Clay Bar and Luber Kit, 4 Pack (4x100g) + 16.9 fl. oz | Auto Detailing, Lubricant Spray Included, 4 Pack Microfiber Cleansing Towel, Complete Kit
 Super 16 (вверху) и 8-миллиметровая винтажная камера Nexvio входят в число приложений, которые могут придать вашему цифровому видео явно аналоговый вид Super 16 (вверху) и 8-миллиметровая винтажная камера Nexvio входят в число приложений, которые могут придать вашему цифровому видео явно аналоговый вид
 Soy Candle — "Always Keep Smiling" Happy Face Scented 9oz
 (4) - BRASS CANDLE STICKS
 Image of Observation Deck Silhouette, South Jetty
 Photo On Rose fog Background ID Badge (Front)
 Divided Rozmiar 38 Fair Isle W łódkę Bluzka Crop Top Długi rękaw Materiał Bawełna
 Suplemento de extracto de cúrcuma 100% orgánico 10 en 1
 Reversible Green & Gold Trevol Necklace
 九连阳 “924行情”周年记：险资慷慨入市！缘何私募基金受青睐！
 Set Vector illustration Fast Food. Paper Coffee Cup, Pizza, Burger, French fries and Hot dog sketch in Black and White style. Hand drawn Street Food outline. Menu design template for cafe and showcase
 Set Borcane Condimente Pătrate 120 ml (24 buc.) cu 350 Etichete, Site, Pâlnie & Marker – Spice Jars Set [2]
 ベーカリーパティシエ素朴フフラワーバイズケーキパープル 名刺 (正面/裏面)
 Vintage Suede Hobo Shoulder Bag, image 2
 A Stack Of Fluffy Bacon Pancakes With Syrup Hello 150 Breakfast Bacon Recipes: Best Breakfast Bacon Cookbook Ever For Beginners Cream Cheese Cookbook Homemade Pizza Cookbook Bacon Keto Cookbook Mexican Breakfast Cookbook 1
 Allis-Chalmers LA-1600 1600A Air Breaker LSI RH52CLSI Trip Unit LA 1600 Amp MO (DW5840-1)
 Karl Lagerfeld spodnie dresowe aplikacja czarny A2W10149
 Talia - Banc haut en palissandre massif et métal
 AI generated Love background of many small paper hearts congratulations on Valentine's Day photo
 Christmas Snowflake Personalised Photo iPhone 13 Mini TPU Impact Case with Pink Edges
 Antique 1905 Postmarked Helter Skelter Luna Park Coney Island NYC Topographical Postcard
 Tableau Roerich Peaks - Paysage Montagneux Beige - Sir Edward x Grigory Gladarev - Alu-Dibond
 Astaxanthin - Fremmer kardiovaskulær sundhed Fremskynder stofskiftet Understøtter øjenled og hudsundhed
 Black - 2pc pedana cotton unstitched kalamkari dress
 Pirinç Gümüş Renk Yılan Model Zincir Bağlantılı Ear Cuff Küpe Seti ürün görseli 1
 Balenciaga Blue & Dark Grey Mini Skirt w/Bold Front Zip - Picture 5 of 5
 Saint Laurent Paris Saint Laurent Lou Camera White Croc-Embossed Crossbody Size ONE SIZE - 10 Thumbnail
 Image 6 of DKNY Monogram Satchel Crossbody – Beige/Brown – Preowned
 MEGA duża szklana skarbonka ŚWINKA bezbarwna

___

Your task for the entries above: copy exactly the span starting with the line with "Vintage Suede Hobo Shoulder Bag, image 2" and going on through the line with "Balenciaga Blue &", both lines included, and nothing else.

§ **Final answer**
 Vintage Suede Hobo Shoulder Bag, image 2
 A Stack Of Fluffy Bacon Pancakes With Syrup Hello 150 Breakfast Bacon Recipes: Best Breakfast Bacon Cookbook Ever For Beginners Cream Cheese Cookbook Homemade Pizza Cookbook Bacon Keto Cookbook Mexican Breakfast Cookbook 1
 Allis-Chalmers LA-1600 1600A Air Breaker LSI RH52CLSI Trip Unit LA 1600 Amp MO (DW5840-1)
 Karl Lagerfeld spodnie dresowe aplikacja czarny A2W10149
 Talia - Banc haut en palissandre massif et métal
 AI generated Love background of many small paper hearts congratulations on Valentine's Day photo
 Christmas Snowflake Personalised Photo iPhone 13 Mini TPU Impact Case with Pink Edges
 Antique 1905 Postmarked Helter Skelter Luna Park Coney Island NYC Topographical Postcard
 Tableau Roerich Peaks - Paysage Montagneux Beige - Sir Edward x Grigory Gladarev - Alu-Dibond
 Astaxanthin - Fremmer kardiovaskulær sundhed Fremskynder stofskiftet Understøtter øjenled og hudsundhed
 Black - 2pc pedana cotton unstitched kalamkari dress
 Pirinç Gümüş Renk Yılan Model Zincir Bağlantılı Ear Cuff Küpe Seti ürün görseli 1
 Balenciaga Blue & Dark Grey Mini Skirt w/Bold Front Zip - Picture 5 of 5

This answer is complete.